Archive for January, 2012

USS Pueblo

Have you ever heard of the USS Pueblo? It was a Naval ship on an intelligence gathering mission sailing in international waters near the coast of North Korea on January 23, 1968, but it masqueraded as an oceanographic research ship. That cover did not fool the North Koreans. Forty-four years ago today, the North Koreans captured the USS Pueblo and took the 83-man crew hostage.

The Pueblo’s mission was assessed beforehand and determined to have ‘minimal’ risk. Thus the ship was not properly equipped to fend off an attack. Instead, the Pueblo crew was instructed to start shredding and burning the hundreds of pounds of classified material on board. The smoke from the burning paper only incensed the enemy more and they started firing upon the Pueblo killing one and injuring several others.

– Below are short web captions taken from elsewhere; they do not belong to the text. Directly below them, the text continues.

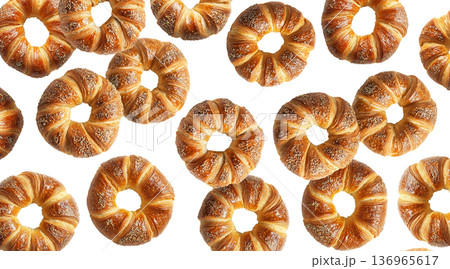 Multiple twisted pretzel buns or bagel with coarse salt topping arranged in seamless pattern isolated on white background 136965617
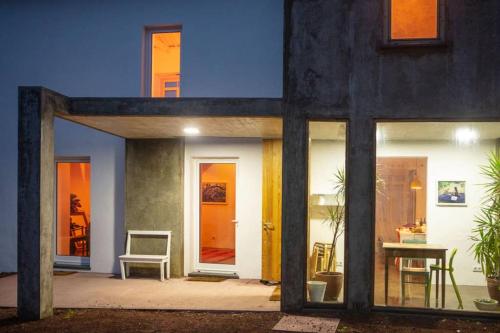 a house with glass doors and a table and a chair at Casa das Artes in Serreta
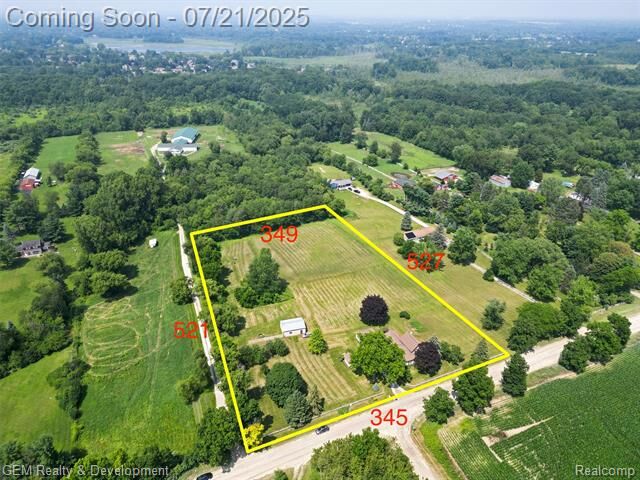 Property Photo:  64164 W 8 Mile Road  MI 48178 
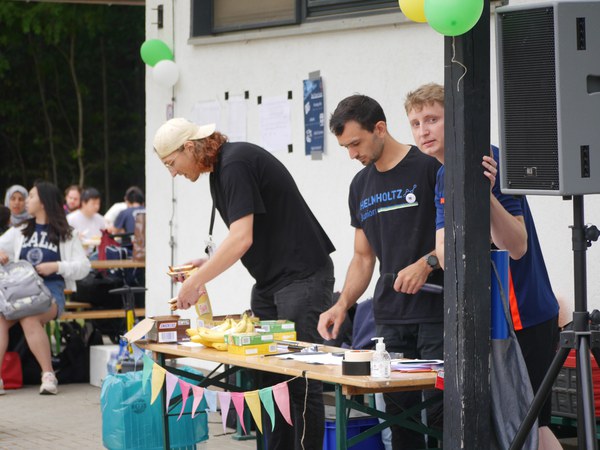 Julian, Johannes and Markus are standing at a stand with snacks. They are  at the DocTeam summer party. 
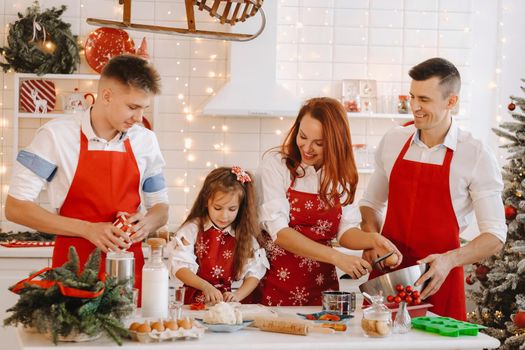 A happy family is standing in the Christmas kitchen and preparing dough for making cookies.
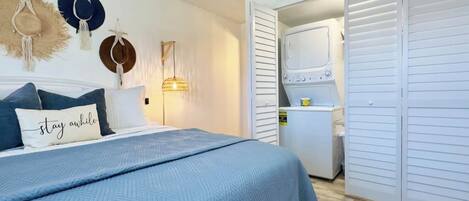 Une chambre à coucher comprenant un lit, une table de chevet, une lampe fixée au mur et une armoire.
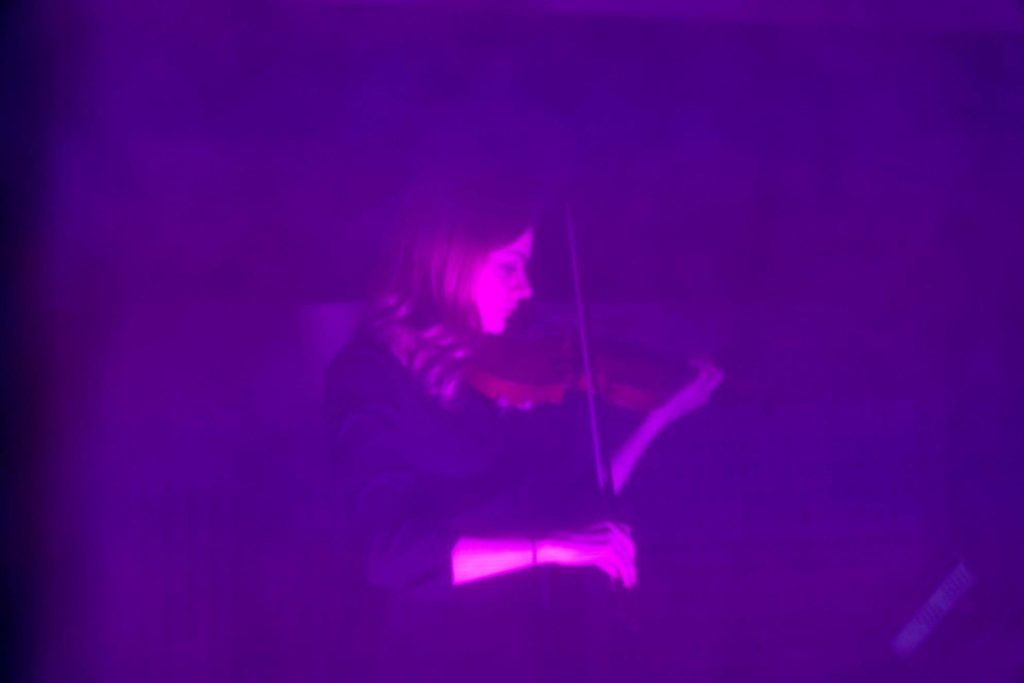 Violinist Holly Workman performing behind a purple screen at the CRESC. Festival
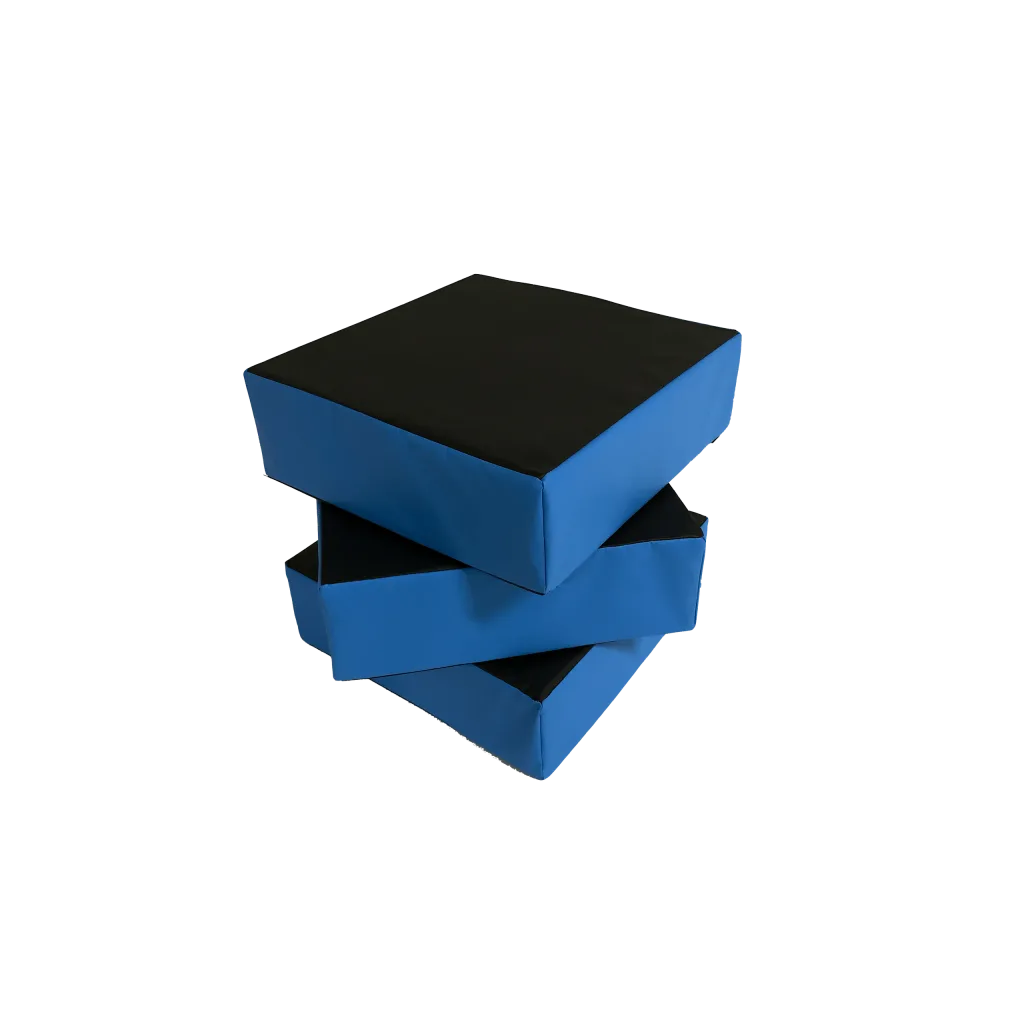 Set of three blue foam stepping blocks with black PVC-covered tops stacked unevenly.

North Korean ships surrounded the Pueblo, boarded the ship, and tied-up and blind-folded the crew. They brought them to Pyongyang for what was the beginning of an 11-month hostage ordeal. After nearly a year of negotiations between the United States and North Korea, the Pueblo crew was freed two days before Christmas; something that was important to President Johnson in the waning days of his administration.

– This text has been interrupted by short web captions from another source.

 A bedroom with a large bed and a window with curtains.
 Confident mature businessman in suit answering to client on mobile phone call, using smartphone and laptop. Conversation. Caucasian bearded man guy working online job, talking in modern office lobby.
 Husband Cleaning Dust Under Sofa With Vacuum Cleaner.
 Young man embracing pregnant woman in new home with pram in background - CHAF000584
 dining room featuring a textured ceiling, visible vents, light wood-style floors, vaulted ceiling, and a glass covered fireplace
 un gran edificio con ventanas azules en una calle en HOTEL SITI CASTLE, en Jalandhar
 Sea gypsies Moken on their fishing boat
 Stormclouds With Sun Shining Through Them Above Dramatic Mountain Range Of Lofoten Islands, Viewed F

And, of course, there is a Katzenbach connection. The Pueblo incident was among the many international crises he dealt with as Under Secretary of the State Department. As you guessed, there will be more about this in the book…

 

Advertisement

Happy 90th Birthday

Betty White isn’t the only one who is turning 90 years old today, so is Nicholas Katzenbach. Seventy years ago, Katzenbach celebrated his 20th birthday by enlisting in the Army Air Corps. Anxious to see action, he volunteered for Navigation School – the fastest way to the front lines. He saw action in North Africa and on February 23, 1943 he was shot down over the Mediterranean Sea and spent the next 27 months as a POW during World War II. Today we salute him. Happy 90th Birthday!

 

Dismissed without Merit

Lead litigator Tom Barr seen here with the NYT from January 9, 1982 announcing the IBM case was being dismissed without merit

In 1982, the U.S Government announced two landmark anti-trust decisions that dominated The New York Times front page thirty years ago today. The headline was, “U.S. Settles Phone Suit, Drops I.B.M. Case; A.T.&T to Split Up, Transforming Industry”.

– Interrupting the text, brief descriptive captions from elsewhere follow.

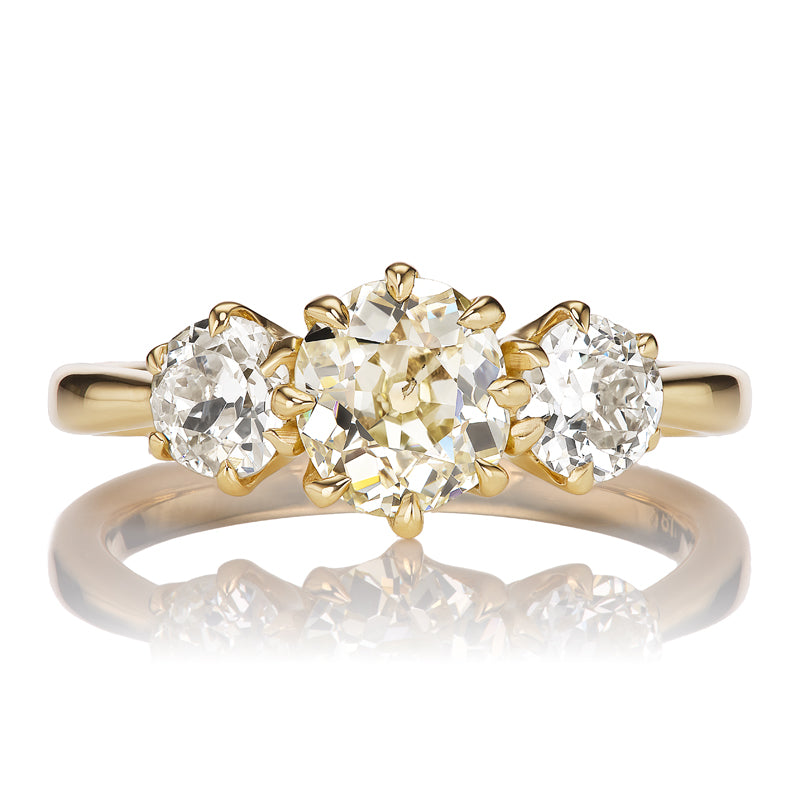 Three Stone Ring with Warm-Hued Antique Old Mine Cut Diamond Center Stone
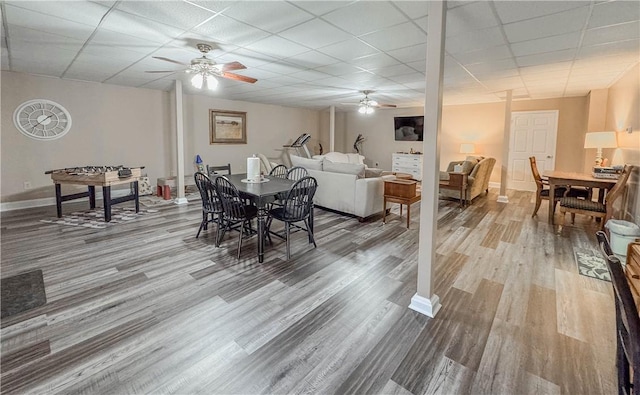 dining space featuring ceiling fan, a drop ceiling, and wood-type flooring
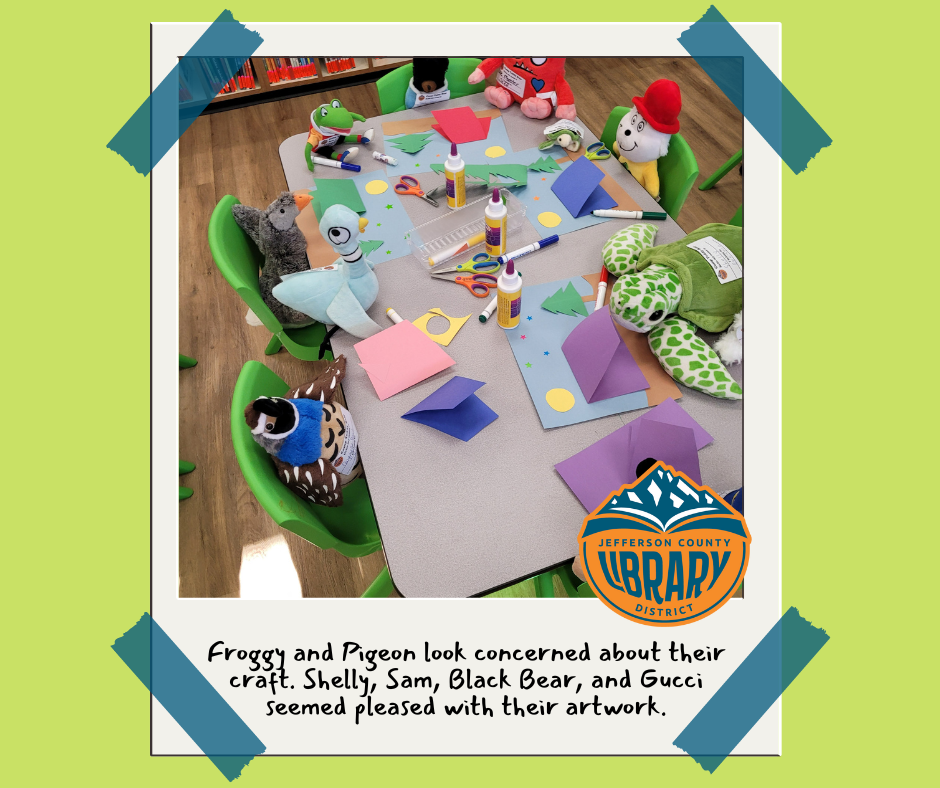 Stuffed animals around a table with art supplies.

In one day, the U.S. Department of Justice announced the resolution to two antitrust lawsuits against corporate giants. In the first case, AT&T settled with the government by consenting to break up Ma Bell and divest itself of 22 Bell phone companies, transforming the telecommunication industry. That landmark decision blunted the news that the Justice Department was dropping its thirteen year antitrust lawsuit against IBM. The case was dismissed “without merit” by Assistant Attorney General of the Antitrust Division, William Baxter.

The lawsuit was filed in 1969 on Nicholas Katzenbach’s 47th birthday in the waning days of the Johnson Administration. Weeks earlier Katzenbach announced that he would be joining IBM as its General Counsel. Little did he or his successor, Attorney General Ramsey Clark, who filed the case, realize that this case would span five presidential administrations from Johnson to Reagan. Nor did Katzenbach realize that he would spend much of his time at IBM fighting the very institution he used to lead.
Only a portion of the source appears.